RECORDS SHOWN section start
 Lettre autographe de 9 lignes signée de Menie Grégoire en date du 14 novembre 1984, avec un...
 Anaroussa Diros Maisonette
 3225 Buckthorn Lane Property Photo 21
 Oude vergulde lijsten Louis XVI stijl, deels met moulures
RECORDS SHOWN section end
RECORDS SHOWN section start
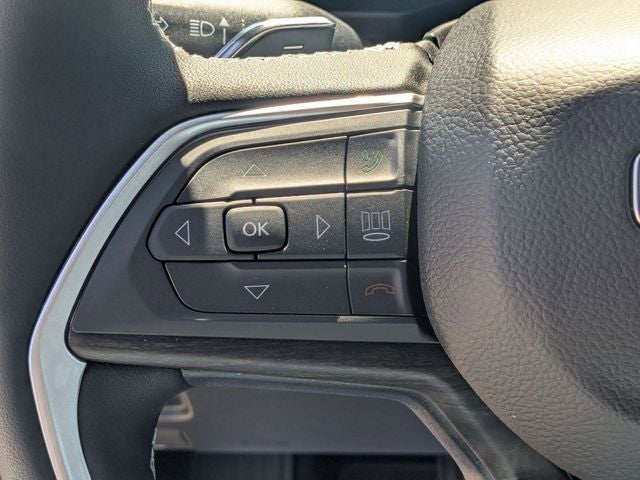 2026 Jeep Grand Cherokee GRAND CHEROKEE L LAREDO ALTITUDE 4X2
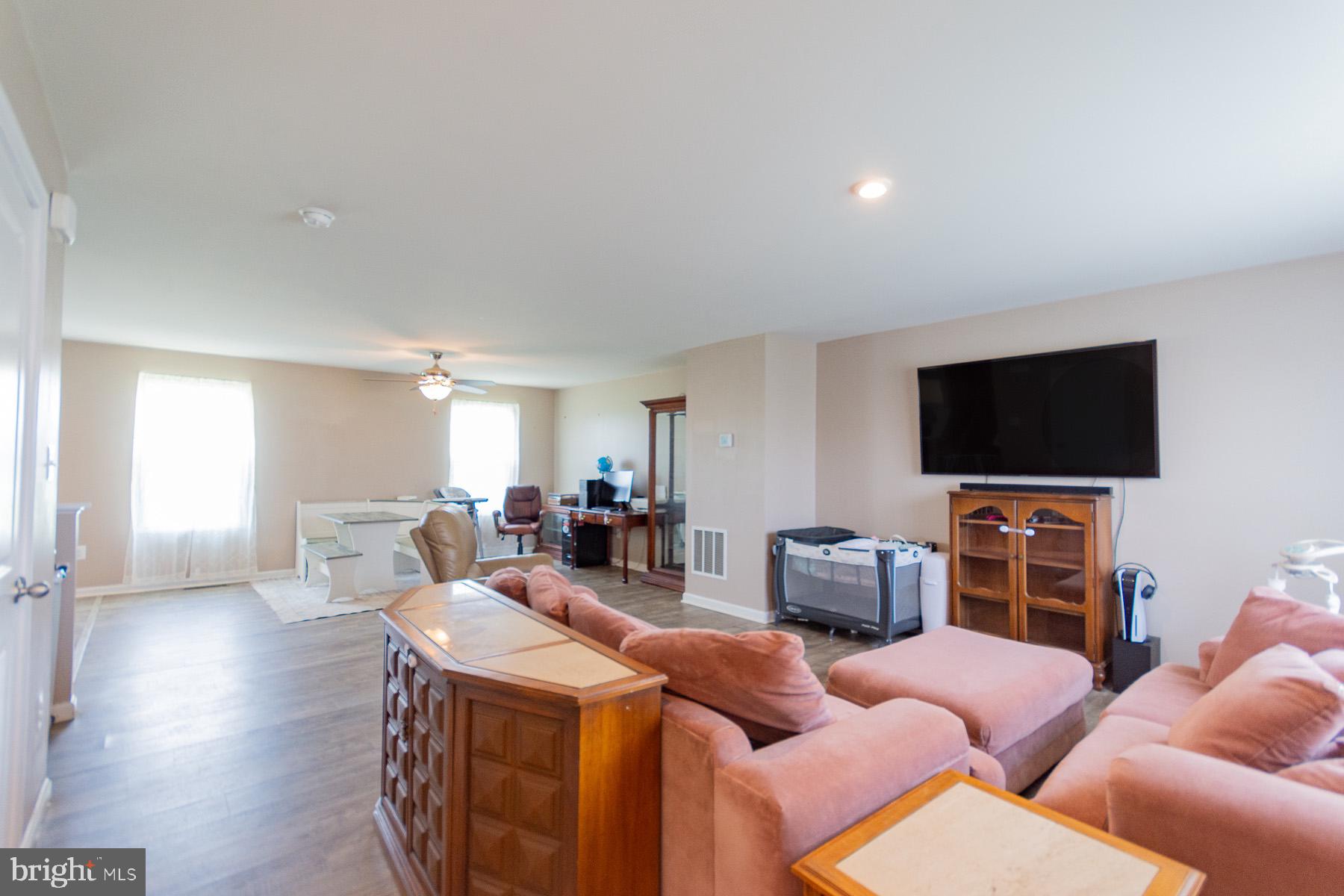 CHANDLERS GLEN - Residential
RECORDS SHOWN section end
**AIM OF THE TASK**
Working from the records above, write out verbatim only the lines from the line containing "Lettre autographe de" through the line containing "Oude vergulde lijsten".

**SOLUTION FOR THIS EXERCISE**
 Lettre autographe de 9 lignes signée de Menie Grégoire en date du 14 novembre 1984, avec un...
 Anaroussa Diros Maisonette
 3225 Buckthorn Lane Property Photo 21
 Oude vergulde lijsten Louis XVI stijl, deels met moulures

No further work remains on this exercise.